How data mesh and a data fabric are fundamentally changing the role of the data engineer
Share
More deployment options
In the last year, Data Mesh has become one of the most talked-about topics in the data analytics space. As companies struggle to unlock the value in their distributed datasets and explore alternatives to centralized data management, both Data Mesh and Data Fabric are increasingly popular approaches. Even though they are often deployed to solve similar problems, the differences between the two solutions can be obscured. So I was thrilled to be able to moderate a discussion on this subject — between Zhamak Dehghani, the creator of the Data Mesh concept, and Dr. Daniel Abadi, a data management expert and professor of computer science at the University of Maryland — at Datanova, Starburst’s annual industry conference.
Until recently I was a research analyst at Gartner, where I ran the Data & Analytics agenda, so I have my own opinion on the subject. The way I understand it, Data Mesh is a techno-social business concept that demands change both at the infrastructure and organizational levels, whereas Data Fabric is more of a data integration pattern. In fact, Gartner has published a research report on the subject that can be downloaded here. Thankfully, the Datanova panel, which I’d encourage you to view on-demand here or below, clarifies the distinctions further.
A few highlights from the conversation include:
- Overviews of the Data Mesh and Data Fabric concepts
- What Data Mesh looks like in practice, including a sample use case
- How Data Fabric and Data Mesh can accelerate data discovery
- Discussion of technologies that could accelerate adoption
After Dehghani explained Data Mesh in detail, our conversation centered around the human side of these two new approaches to data architecture and what happens as we shift responsibilities away from central data management teams.
Mesh vs. Fabric: Eliminating the Bottleneck
Traditionally, when you want access to a new dataset, you have to appeal to a central data management team.

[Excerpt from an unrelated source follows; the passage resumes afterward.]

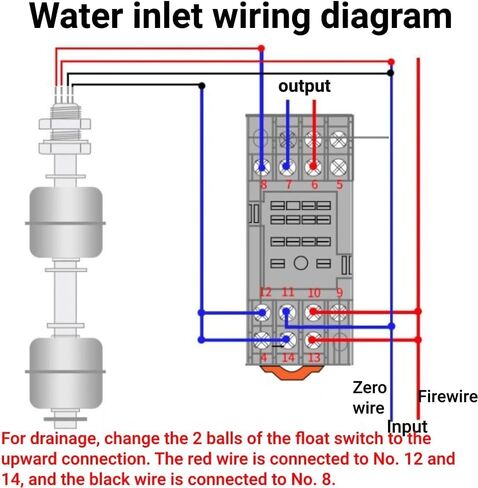 Stainless Steel Double Ball Float Switch,Switch Tank Water Level Controller Sensor for Tank Pool Sump Pump Control,10mm Action Range (150mm / 5.91in) in Saudi Arabia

Unfortunately, everyone else across the organization has to work through that same group, so a tremendous bottleneck results. You’re forced to wait in line for months or more.
As Dehghani explains, Data Mesh shifts ownership of datasets away from the centralized team to a new class of domain experts. These domain experts not only know the datasets well, they are responsible for transforming them into easily discoverable products that can be consumed within or even outside the organization.
The Data Fabric approach also takes certain data management responsibilities out of the hands of the central team, but it does so through technology and, specifically, the automation of tasks. For example, Dr. Abadi explains that Data Fabric would call for using AI and Machine Learning tools to automate discovery and recommend datasets to individual users — the sort of task now reserved for the already overworked central team. Data orchestration and governance tasks could be automated as well. “Data Fabric basically says let’s create a lot of metadata about the dataset and use that metadata to automate all the tasks we can and reduce reliance on the central team,” Dr. Abadi explains.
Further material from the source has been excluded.